● **What you have to do**
Your task is to repeat the data exactly, every line of it.

● **Entries supplied**
-------
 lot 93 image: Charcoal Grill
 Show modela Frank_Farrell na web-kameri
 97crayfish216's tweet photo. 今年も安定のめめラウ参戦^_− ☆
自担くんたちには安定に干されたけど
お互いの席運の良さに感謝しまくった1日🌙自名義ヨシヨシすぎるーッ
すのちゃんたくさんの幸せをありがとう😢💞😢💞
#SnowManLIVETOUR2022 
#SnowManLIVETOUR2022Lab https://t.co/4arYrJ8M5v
-------
● **Problem solution**
 lot 93 image: Charcoal Grill
 Show modela Frank_Farrell na web-kameri
 97crayfish216's tweet photo. 今年も安定のめめラウ参戦^_− ☆
自担くんたちには安定に干されたけど
お互いの席運の良さに感謝しまくった1日🌙自名義ヨシヨシすぎるーッ
すのちゃんたくさんの幸せをありがとう😢💞😢💞
#SnowManLIVETOUR2022 
#SnowManLIVETOUR2022Lab https://t.co/4arYrJ8M5v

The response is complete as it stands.